В примечаниях видно стремление Карамзина к критическому усвоению текста; можно отметить, что его рассуждения вращаются в круге масонских идей.
Юношеские стремления, поиски, обретения, мысли, сомнения и верования Карамзина неразрывно связаны с его дружбой с Петровым. Среди друзей и знакомых Карамзина, которых И. И. Дмитриев узнал во время своего недолгого пребывания в Москве, он особенно отмечает Петрова. «Между ними (то есть переводчиками Дружеского ученого общества, жившими в доме на Чистых прудах. — В. М.), — пишет он в воспоминаниях, — по всей справедливости почитался отличнейшим Александр Андреевич Петров. Он знаком был с древними и новыми языками при глубоком знании отечественного слова, одарен был и глубоким умом, и необыкновенною способностию к здравой критике; но, к сожалению, ничего не писал для публики, а упражнялся только в переводах… Карамзин полюбил Петрова, хотя они были не во всем сходны между собою: один пылок, откровенен и без малейшей желчи; другой угрюм, молчалив и подчас насмешлив. Но оба они питали равную страсть к познаниям, к изящному; имели одинакую силу в уме, одинакую доброту в сердце; и это заставило их прожить долгое время в тесном согласии под одною кровлею у Меншиковой башни…»
Сам Карамзин неоднократно впоследствии вспоминал Петрова, и всегда с неизменной любовью и благодарностью. В статье «Цветок на гроб моего Агатона», посвященной памяти Петрова (он умер в 1793 году), Карамзин создает его литературный портрет, облеченный в форму воспоминаний.

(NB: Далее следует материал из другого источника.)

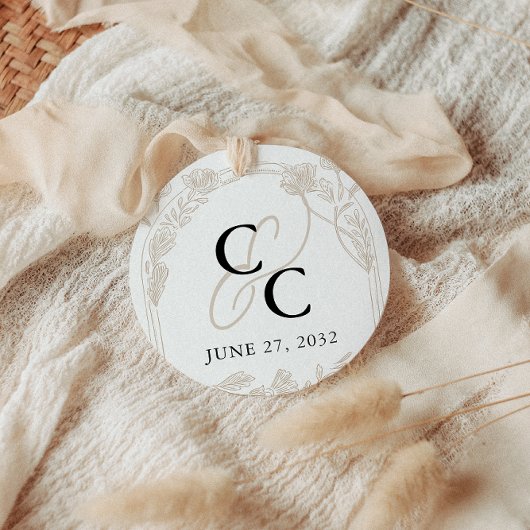 Elegant Roos Tuin Trellis Kalligrafie Monogram Ronde Sticker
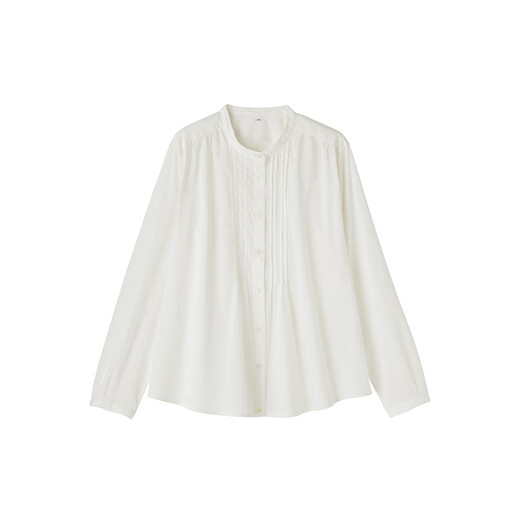 MUJI Women's Cotton Yarn Long Sleeve Shirt Women's Shirt Underwear New 25 Years Fall BC2O7A5A Off-white S (155/80A)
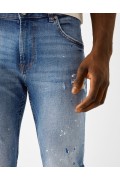 شلوار جین تنگ را پاشیده است مردانه آبی برشکا
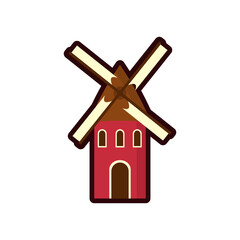 Windmill building flat illustration
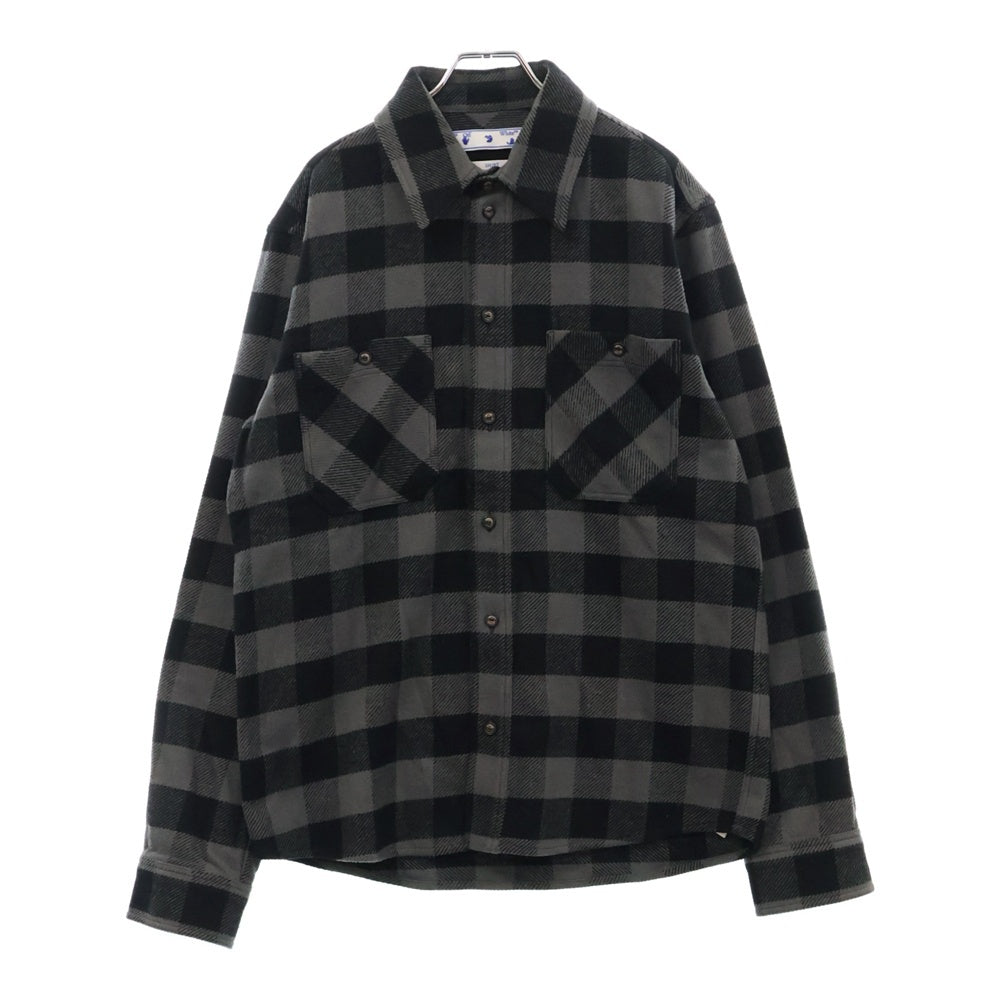 OFF-WHITE(オフホワイト) 21AW Plaid Flannel Shirt チェック柄 フランネル 長袖シャツ ブラック/グレー OMGA133F21FAB001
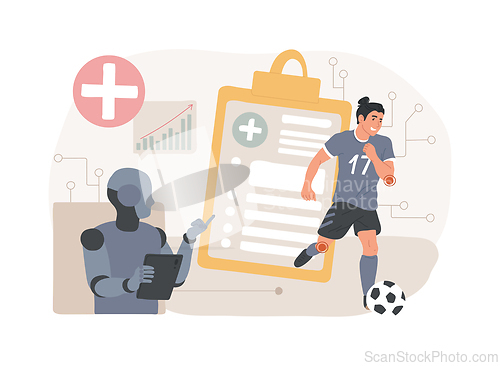 Image of AI-Optimized Injury Prevention abstract concept vector illustration.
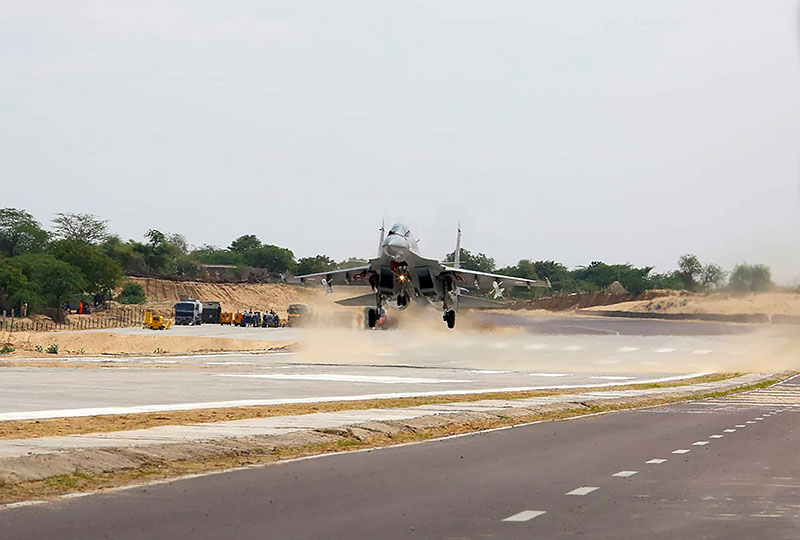 Union Ministers Rajnath Singh and Nitin Gadkari inaugurate Emergency Landing Facility in Rajasthan's Barmer dist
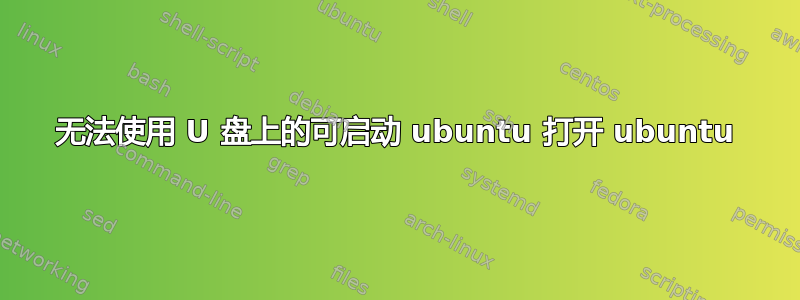 无法使用 U 盘上的可启动 ubuntu 打开 ubuntu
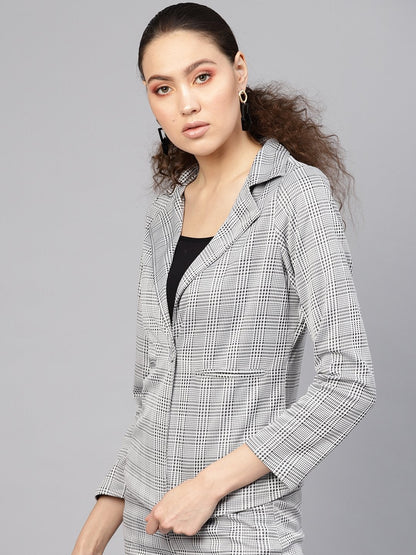 Women's Black & Grey Check Blazer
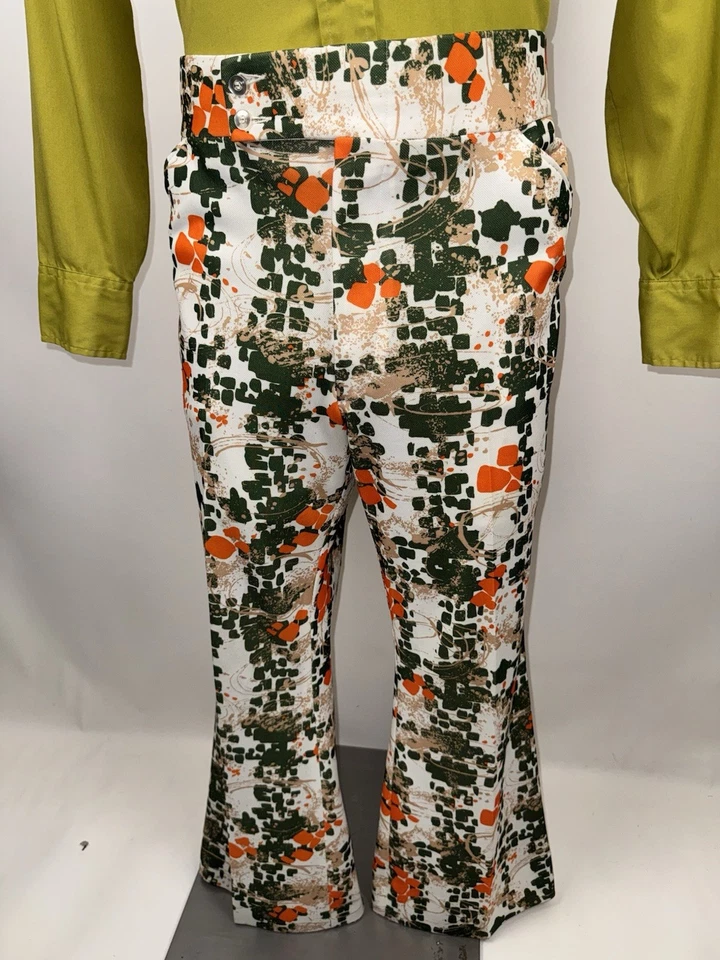 Pantalones de Colección Años 60 70 Campana Parte Inferior Para Hombres 40 29 Poliéster Disco Hippie Mod Grand Slam Foto 3 de 4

«…Он был ни богат, ни знатен, — начинает свой рассказ Карамзин, — он был человек, благородный по душе своей, украшенный одними достоинствами, не чинами, не блеском роскоши, — и сии достоинства таились под завесою скромности».
Далее Карамзин говорит о том сильном и благодетельном влиянии, которое оказал на него Петров: «Верный вкус друга моего, отличавший с великою тонкостию посредственное от изящного, изящное от превосходного, выученное от природного, ложные дарования от истинных, был для меня светильником в Искусстве и Поэзии. Восхищенный красотою цветов, растущих на сем поле, дерзал я иногда младенческими руками образовать нечто подобное оным и незрелые свои мысли изливать на бумагу; он был первым моим судьею, и хотя замечал недостатки, однако же, по снисхождению и нежности своей, ободрял меня в сих упражнениях. Ах! я жалею о том человеке, который занимается Литературою и не имеет знающего друга!